*Work required:*
Record by record, write out the listing word for word while omitting pictures.
▬▬▬▬▬▬▬▬▬▬
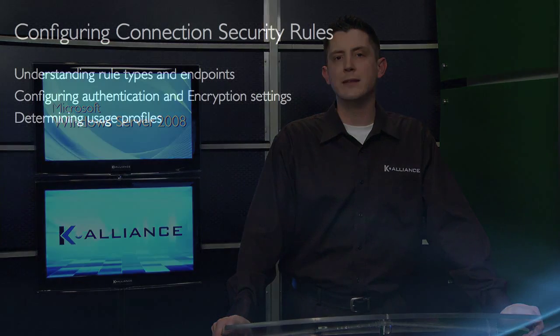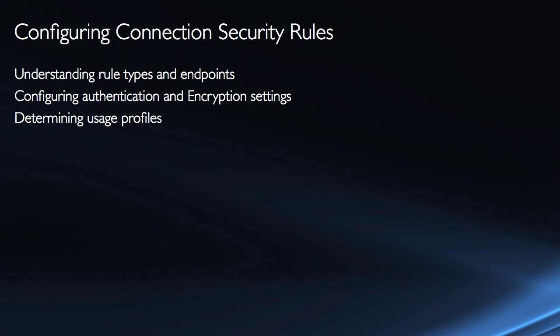Create the firewall rules to allow the traffic, create the connection security rules to secure the traffic.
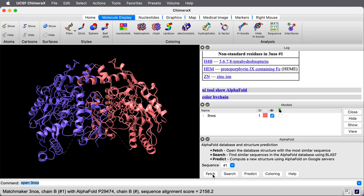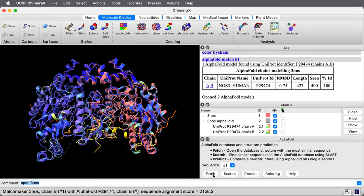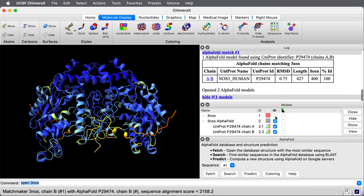If I press Fetch, it will load from the PDB database of these pre-computed AlphaFold models the AlphaFold prediction. I'm hiding the experimental structure. Here's the prediction.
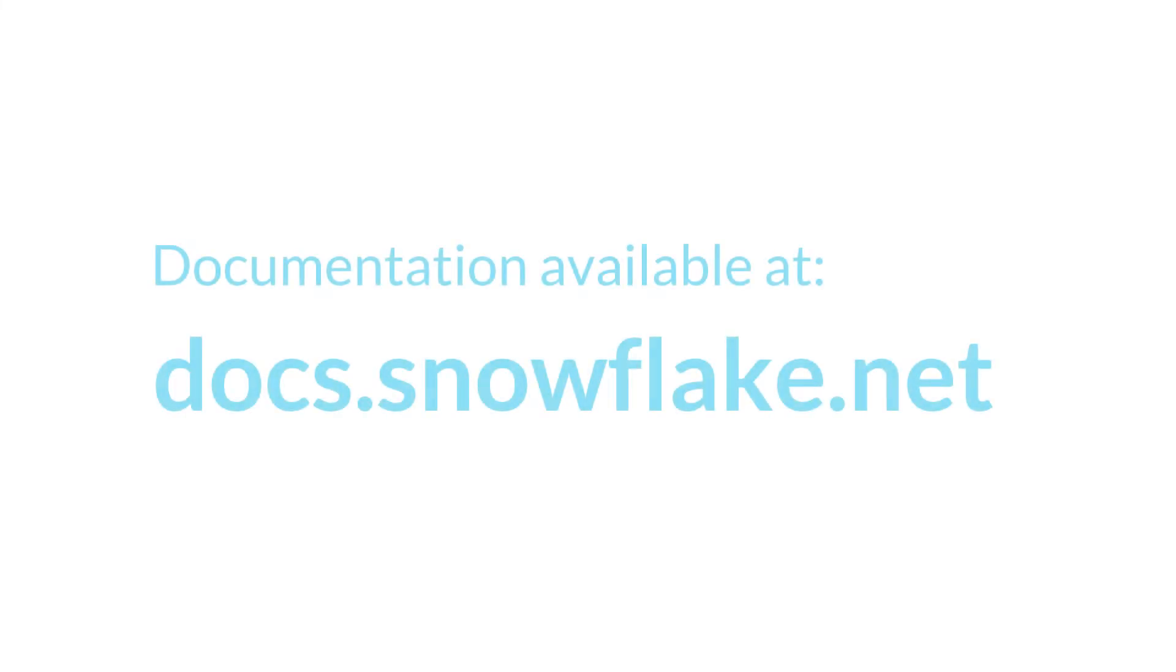This concludes this short introduction to virtual warehouses. For more detailed information, see the Snowflake documentation. Thanks for watching!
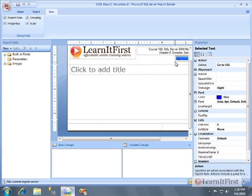I'll tell you what, let's come back in the next video and I want to show you how you can work with drill through on reports. And you can actually drill through to another report and you can pass parameters to that report.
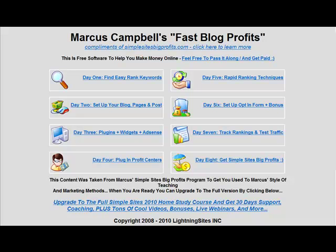Hey guys, Marcus Campbell here from SimpleSitesBigProfits.com. What I'm going to do in this short video course is take you through a seven-day process that I have used to literally catapult my blog rankings from just buying a domain name to actually ranking on the search engines really, really fast.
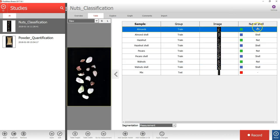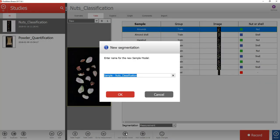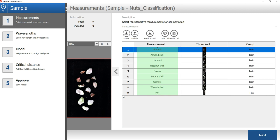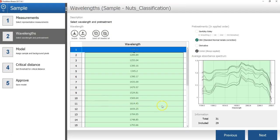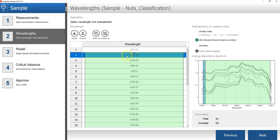The next step is to create a sample model to remove the background pixels and to automatically identify the objects — the nut or shell samples — in these images. To do that, I will press the Add sample model button underneath the table. In the first step of the sample model wizard, you can select the images you will use in the model; by default all measurements are included. In the next step, you can select spectral bands or wavelengths to use in the model; by default all wavelengths are included except the first and last band. So I will press next here.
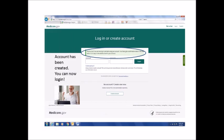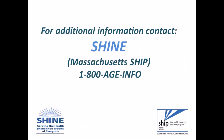After clicking Submit, the following message will be on the next screen: You're all set. You can now log in and start using your account. You'll also get a confirmation letter in the mail within 10 to 14 days to the address listed in your account. Congratulations, you are now a MyMedicare.gov user. For additional information, contact SHINE, the Massachusetts SHIP, at 1-800-AGE-INFO.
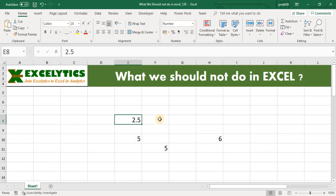I will select the cell and go to the number group and here you can increase the decimals. Most of you might be aware of this. However, we felt it is useful for Excel beginners to understand the difference between the original value and the display value.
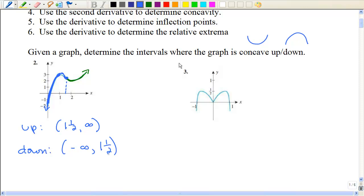Right here — and again, that's just an estimate if that looks like one and a half to you — that would be what's called an inflection point, because the concavity has changed.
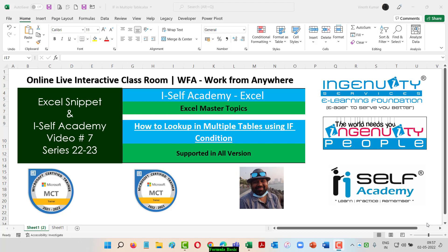Good morning, everyone. Welcome back to iSelf Academy Excel video. It is part of Excel Snippet and iSelf Academy YouTube channel. I'm adding one more topic which I recently went through in a YouTube video from my master, Mike Riven.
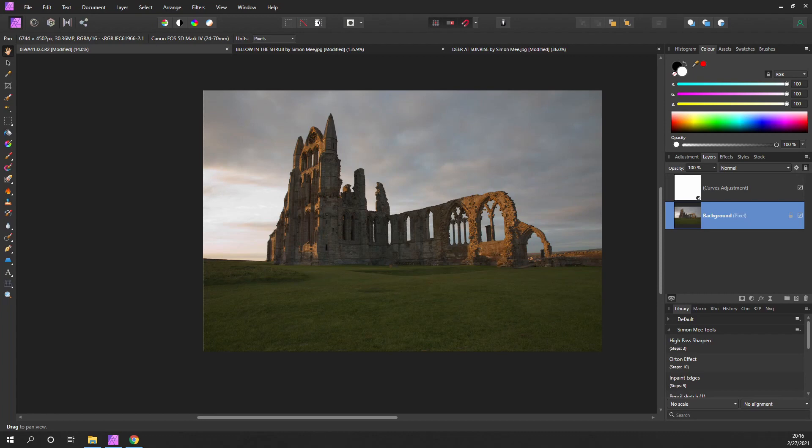We're going to take a look at high pass sharpening and how this can improve the sharpness of your image. The nice thing is that it will automatically pick the edges for you.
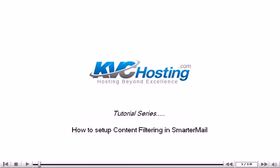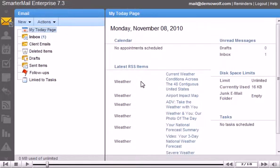How to set up content filtering in SmarterMail. This tutorial will show you how to set up content filtering in SmarterMail. This tutorial assumes you are already logged in to SmarterMail. Content filtering is an advanced method of sorting incoming mail.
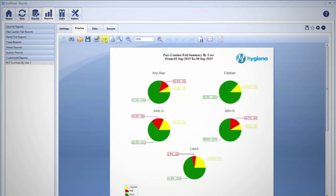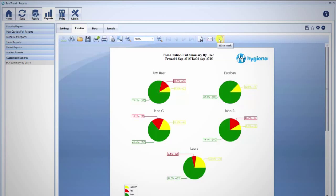Also in the Preview tab, you may print the report, modify the page layout, export or email a PDF of the report, or add a watermark.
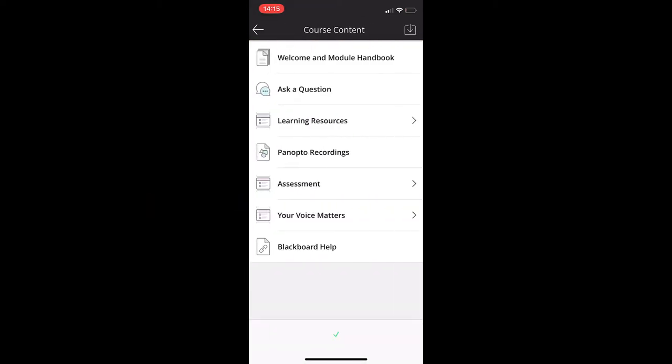In course content you will find the module manual handbook, learning resources that will house all the teaching materials, Panopto recordings, assessments, and a link to our dedicated blog called Blackboard Help, where you'll see a list of frequently asked questions and answers to help you with the use of Blackboard Ultra and other learning tools.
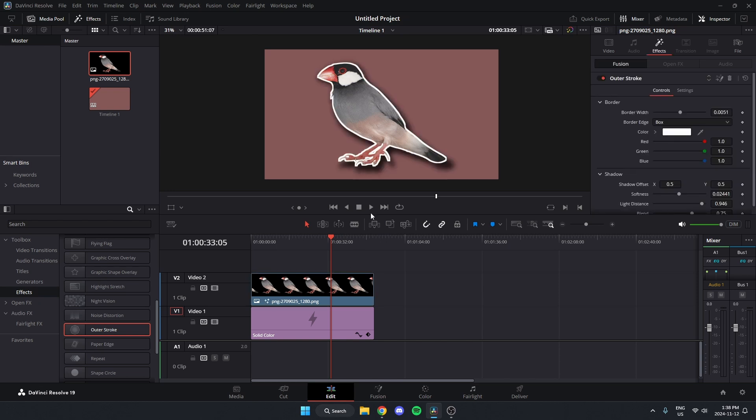And what that's going to do is add a white border, but it's also going to add a drop shadow behind it as well.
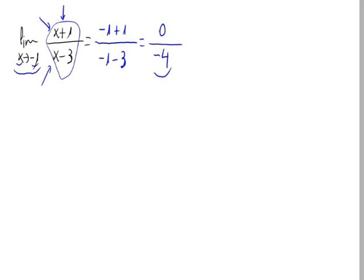Have we obtained a 0 on the denominator? No. That's great. That means we have no problems solving the limit. The result would be 0 divided by minus 4, which equals 0.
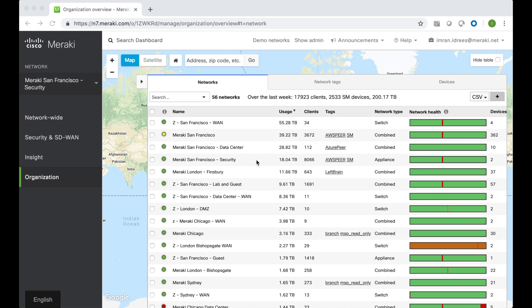So let's go ahead and choose a network here with an MX appliance within it. Let's choose Meraki San Francisco security.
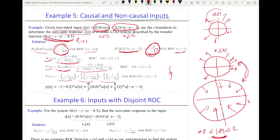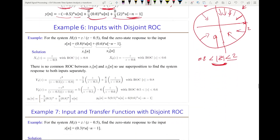When doing the inverse Z-transform, we must be careful. The pole at 0.5 is outward, so that gives a causal signal with u(N). The pole at 0.8 has region of convergence outward, giving a causal signal. The pole at 2 has region of convergence inward — less than 2 — giving an anti-causal signal. That is how we work with causal and non-causal inputs.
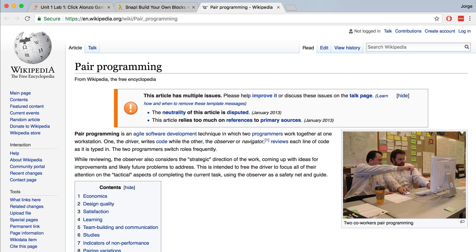You might also want to check out the Wikipedia article on pair programming because it goes over exactly what pair programming looks like. It goes over the idea of a driver and the idea of a navigator or observer that is reviewing the lines of code that the driver is working on.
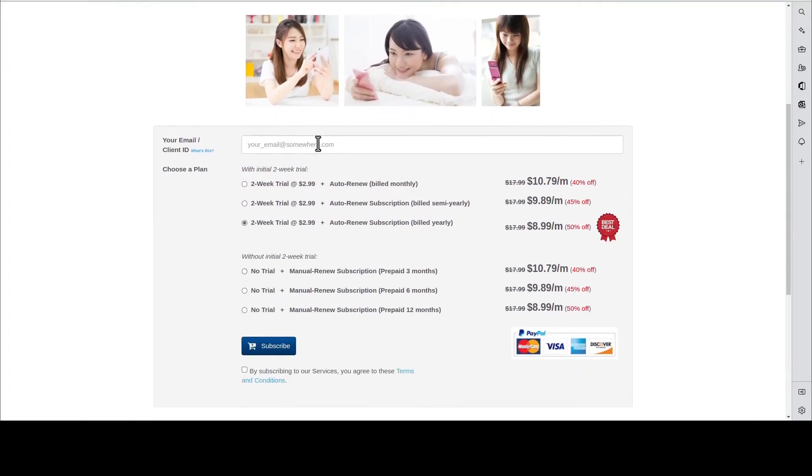You put down your email address, choose one of the plans, and hit subscribe.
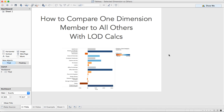In this week's Tableau Tip Tuesday, I'm going to continue my series on level of detail calculations. This week I'm going to show you how to compare one member of a dimension to all of the others within that same dimension using level of detail calculations. This is another example that I found while browsing some of the Tableau blogs, but I thought a video would help explain how this works.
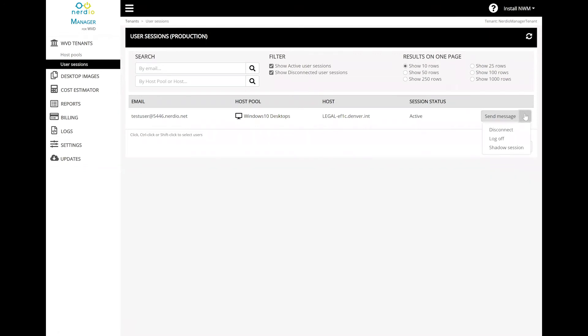We have a number of actions we can take. We can send them a message, disconnect the session, log the user off, or shadow the session to provide user on-screen support. Let's go ahead and send a message to this user.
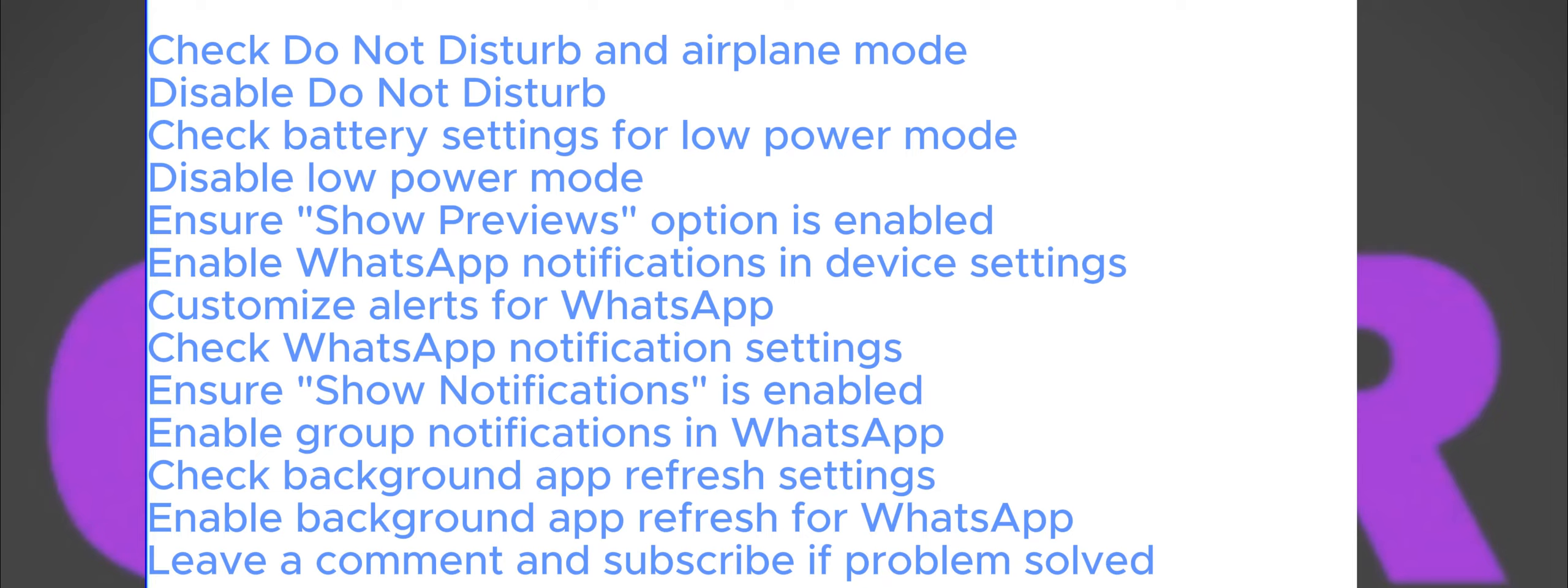If the above steps didn't work, open the settings on your device and then navigate to the notifications settings. Ensure that the Show Previews option is enabled, set to Always. Scroll down through the list until you find WhatsApp. Make sure that the notifications for WhatsApp are enabled and customize these alerts as needed. Ensure that lock screen and home screen notifications are enabled.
▬▬▬▬▬▬▬▬▬▬
*Output of the task:*
Create the firewall rules to allow the traffic, create the connection security rules to secure the traffic.
If I press Fetch, it will load from the PDB database of these pre-computed AlphaFold models the AlphaFold prediction. I'm hiding the experimental structure. Here's the prediction.
This concludes this short introduction to virtual warehouses. For more detailed information, see the Snowflake documentation. Thanks for watching!
I'll tell you what, let's come back in the next video and I want to show you how you can work with drill through on reports. And you can actually drill through to another report and you can pass parameters to that report.
Hey guys, Marcus Campbell here from SimpleSitesBigProfits.com. What I'm going to do in this short video course is take you through a seven-day process that I have used to literally catapult my blog rankings from just buying a domain name to actually ranking on the search engines really, really fast.
The next step is to create a sample model to remove the background pixels and to automatically identify the objects — the nut or shell samples — in these images. To do that, I will press the Add sample model button underneath the table. In the first step of the sample model wizard, you can select the images you will use in the model; by default all measurements are included. In the next step, you can select spectral bands or wavelengths to use in the model; by default all wavelengths are included except the first and last band. So I will press next here.
After clicking Submit, the following message will be on the next screen: You're all set. You can now log in and start using your account. You'll also get a confirmation letter in the mail within 10 to 14 days to the address listed in your account. Congratulations, you are now a MyMedicare.gov user. For additional information, contact SHINE, the Massachusetts SHIP, at 1-800-AGE-INFO.
I will select the cell and go to the number group and here you can increase the decimals. Most of you might be aware of this. However, we felt it is useful for Excel beginners to understand the difference between the original value and the display value.
Right here — and again, that's just an estimate if that looks like one and a half to you — that would be what's called an inflection point, because the concavity has changed.
Good morning, everyone. Welcome back to iSelf Academy Excel video. It is part of Excel Snippet and iSelf Academy YouTube channel. I'm adding one more topic which I recently went through in a YouTube video from my master, Mike Riven.
We're going to take a look at high pass sharpening and how this can improve the sharpness of your image. The nice thing is that it will automatically pick the edges for you.
How to set up content filtering in SmarterMail. This tutorial will show you how to set up content filtering in SmarterMail. This tutorial assumes you are already logged in to SmarterMail. Content filtering is an advanced method of sorting incoming mail.
Also in the Preview tab, you may print the report, modify the page layout, export or email a PDF of the report, or add a watermark.
In course content you will find the module manual handbook, learning resources that will house all the teaching materials, Panopto recordings, assessments, and a link to our dedicated blog called Blackboard Help, where you'll see a list of frequently asked questions and answers to help you with the use of Blackboard Ultra and other learning tools.
And what that's going to do is add a white border, but it's also going to add a drop shadow behind it as well.
Have we obtained a 0 on the denominator? No. That's great. That means we have no problems solving the limit. The result would be 0 divided by minus 4, which equals 0.
So let's go ahead and choose a network here with an MX appliance within it. Let's choose Meraki San Francisco security.
When doing the inverse Z-transform, we must be careful. The pole at 0.5 is outward, so that gives a causal signal with u(N). The pole at 0.8 has region of convergence outward, giving a causal signal. The pole at 2 has region of convergence inward — less than 2 — giving an anti-causal signal. That is how we work with causal and non-causal inputs.
You might also want to check out the Wikipedia article on pair programming because it goes over exactly what pair programming looks like. It goes over the idea of a driver and the idea of a navigator or observer that is reviewing the lines of code that the driver is working on.
You put down your email address, choose one of the plans, and hit subscribe.
In this week's Tableau Tip Tuesday, I'm going to continue my series on level of detail calculations. This week I'm going to show you how to compare one member of a dimension to all of the others within that same dimension using level of detail calculations. This is another example that I found while browsing some of the Tableau blogs, but I thought a video would help explain how this works.
We have a number of actions we can take. We can send them a message, disconnect the session, log the user off, or shadow the session to provide user on-screen support. Let's go ahead and send a message to this user.
If the above steps didn't work, open the settings on your device and then navigate to the notifications settings. Ensure that the Show Previews option is enabled, set to Always. Scroll down through the list until you find WhatsApp. Make sure that the notifications for WhatsApp are enabled and customize these alerts as needed. Ensure that lock screen and home screen notifications are enabled.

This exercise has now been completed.